In the entries that follow, find the line containing "A multi-story building"; from there, copy every line exactly through the line containing "A headshot of".

Segment Start: RECORD SET

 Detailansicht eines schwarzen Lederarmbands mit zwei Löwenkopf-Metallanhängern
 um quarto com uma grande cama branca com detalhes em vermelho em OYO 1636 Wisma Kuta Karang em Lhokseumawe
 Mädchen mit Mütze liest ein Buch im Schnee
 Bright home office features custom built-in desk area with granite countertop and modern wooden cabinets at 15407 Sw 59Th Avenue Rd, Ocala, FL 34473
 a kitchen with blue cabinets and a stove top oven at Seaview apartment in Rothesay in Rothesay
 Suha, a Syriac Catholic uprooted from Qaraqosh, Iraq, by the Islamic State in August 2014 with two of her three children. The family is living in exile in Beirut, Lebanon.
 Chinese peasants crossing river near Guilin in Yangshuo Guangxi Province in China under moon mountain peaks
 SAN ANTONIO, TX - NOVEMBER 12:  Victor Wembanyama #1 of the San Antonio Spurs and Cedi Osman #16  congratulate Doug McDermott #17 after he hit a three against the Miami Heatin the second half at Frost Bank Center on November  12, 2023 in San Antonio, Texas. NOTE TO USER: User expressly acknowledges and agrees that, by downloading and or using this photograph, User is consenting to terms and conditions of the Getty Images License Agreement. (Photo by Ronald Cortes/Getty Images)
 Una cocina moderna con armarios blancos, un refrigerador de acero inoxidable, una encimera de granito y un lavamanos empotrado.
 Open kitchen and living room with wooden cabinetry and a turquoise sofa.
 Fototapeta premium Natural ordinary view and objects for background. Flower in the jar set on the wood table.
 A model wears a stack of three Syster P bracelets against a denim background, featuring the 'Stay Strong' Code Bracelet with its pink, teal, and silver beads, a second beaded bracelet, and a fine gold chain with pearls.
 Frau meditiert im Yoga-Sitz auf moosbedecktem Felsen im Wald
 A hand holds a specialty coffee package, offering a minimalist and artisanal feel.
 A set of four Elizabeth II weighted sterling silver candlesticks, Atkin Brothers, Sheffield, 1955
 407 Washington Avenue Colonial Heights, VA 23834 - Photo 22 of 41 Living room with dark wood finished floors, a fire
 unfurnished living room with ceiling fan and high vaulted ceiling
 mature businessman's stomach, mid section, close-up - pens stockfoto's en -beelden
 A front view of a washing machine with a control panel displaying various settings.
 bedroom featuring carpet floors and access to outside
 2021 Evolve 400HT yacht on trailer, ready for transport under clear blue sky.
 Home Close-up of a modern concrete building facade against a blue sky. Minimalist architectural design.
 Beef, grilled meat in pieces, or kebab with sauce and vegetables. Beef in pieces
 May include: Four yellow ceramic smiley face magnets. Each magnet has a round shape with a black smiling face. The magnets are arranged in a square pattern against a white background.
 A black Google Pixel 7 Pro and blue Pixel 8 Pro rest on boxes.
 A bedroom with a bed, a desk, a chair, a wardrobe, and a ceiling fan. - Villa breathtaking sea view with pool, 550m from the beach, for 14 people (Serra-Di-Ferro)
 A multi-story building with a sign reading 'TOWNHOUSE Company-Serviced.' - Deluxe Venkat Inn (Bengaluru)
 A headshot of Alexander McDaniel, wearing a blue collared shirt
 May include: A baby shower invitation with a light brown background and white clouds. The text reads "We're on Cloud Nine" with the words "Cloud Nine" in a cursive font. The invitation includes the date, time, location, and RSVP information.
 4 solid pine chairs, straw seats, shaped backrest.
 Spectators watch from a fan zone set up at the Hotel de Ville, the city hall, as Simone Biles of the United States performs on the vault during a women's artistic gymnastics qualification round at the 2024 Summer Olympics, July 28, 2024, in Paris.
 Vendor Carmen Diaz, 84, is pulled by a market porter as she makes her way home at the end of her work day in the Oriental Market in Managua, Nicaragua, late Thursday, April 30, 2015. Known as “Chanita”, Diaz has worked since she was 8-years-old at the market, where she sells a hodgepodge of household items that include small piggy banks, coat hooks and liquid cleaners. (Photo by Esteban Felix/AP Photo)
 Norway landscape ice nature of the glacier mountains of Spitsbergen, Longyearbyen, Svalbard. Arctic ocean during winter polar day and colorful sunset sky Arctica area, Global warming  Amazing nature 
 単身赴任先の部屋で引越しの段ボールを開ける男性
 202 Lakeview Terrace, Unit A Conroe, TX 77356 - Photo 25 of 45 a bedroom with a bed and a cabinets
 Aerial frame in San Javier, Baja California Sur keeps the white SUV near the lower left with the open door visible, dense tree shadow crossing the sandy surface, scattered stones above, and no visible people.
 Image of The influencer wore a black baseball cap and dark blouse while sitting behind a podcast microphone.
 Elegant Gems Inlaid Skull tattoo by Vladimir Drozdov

Segment End: RECORD SET

WRITTEN ANSWER:
 A multi-story building with a sign reading 'TOWNHOUSE Company-Serviced.' - Deluxe Venkat Inn (Bengaluru)
 A headshot of Alexander McDaniel, wearing a blue collared shirt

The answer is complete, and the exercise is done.